La nouvelle chronique illustrées de Michel Hermann relate des souvenirs de jeunesse. Beaucoup parmi vous auront probablement vécu des expériences identiques, pas forcément dans un château, mais dans d’autres lieux plus ou moins appropriés. Bonne lecture donc.
Le vieux lit en chêne du Château de la Caze
Crissait discrètement à chaque folle étreinte.
Les draps étaient chiffonnés, et la courtepointe,
Qui dissimulait nos dévotieuses extases,
Gisait au pieds du lit, vaincue par nos ébats.
Dans cette tour carrée surplombant la rivière
Six siècles de vie, de drames, de vieilles pierres,
De légendes courtoises et de durs combats
Imprégnaient les murs de ce château Renaissance
Qui cachait notre tendre et secrète idylle.
Malgré le froid printanier, nos joutes fébriles
Réchauffaient nos corps excités dans le silence
De cette austère pièce. Bâti au quinzième
Siècle dans les Gorges du Tarn, ce fameux castel
Qui domine la rivière, maintenant hôtel,
Abritait pour un soir nos débauches extrêmes.
La nuit, par les étroites fenêtres encastrées
On entendait s’écouler doucement le Tarn,
Égayant l’étrange silence et le charme
Désuet du lieu. C’était notre empyrée.
J’étais parti de Marseille tard le matin
En empruntant le long chemin des écoliers,
Pour me rendre le lendemain à Montpellier
Où mes localiers m’attendaient sur le terrain.
J’avais amené ma gracieuse tourterelle
De vingt-quatre ans, intelligente et tonique
Sylphide au corps d’un blanc laiteux, dont l’impudique
Beauté enfantine me semblait irréelle.
Libre et insoumise, elle menait sa vie
De jeune femme d’affaires avec brio.
J’avais quarante ans, une forte libido,
Un travail dense, risqué et plein de défis.
Ces escapades amoureuses nous relaxaient.
Nous étions, tous deux, simplement épicuriens,
Et croquions goulûment la vie avec entrain
Lorsque les rares occasions se présentaient.

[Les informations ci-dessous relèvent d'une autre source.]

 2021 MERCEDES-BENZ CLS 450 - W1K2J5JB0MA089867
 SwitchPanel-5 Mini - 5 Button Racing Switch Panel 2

C’était le cas ici. Le dîner aux chandelles
Dans la salle du restaurant moyenâgeuse,
Froide et voûtée, mit nos papilles goûteuses
A l’honneur. Une fois terminé, de nouvelles
Émotions nous attendaient dans la tour carrée.
Un escalier de pierres en colimaçon
Menait à notre chambre d’amour. Nous prenions
Notre temps, voulant jouir sans nous presser
De cette ambiance particulière. Peut-être
Que les cinq filles des fondateurs du château,
Dont l’histoire dit qu’elles rendaient les damoiseaux
Éperdument amoureux, hantaient fenêtres
Et murs, et s’amusaient de nos jeux érotiques.
Nous leur faisions honneur, bien des siècles plus tard.
Cette nuit endiablée où nudité sans fard
Et plaisirs se mêlaient dans un ballet épique,
Fut mémorable. Nos vies ont pris des chemins
Différents, mais trente-trois ans après, elle et moi,
Vieux complices, nous souvenons avec émoi
De ces inoubliables instants volés à nos destins.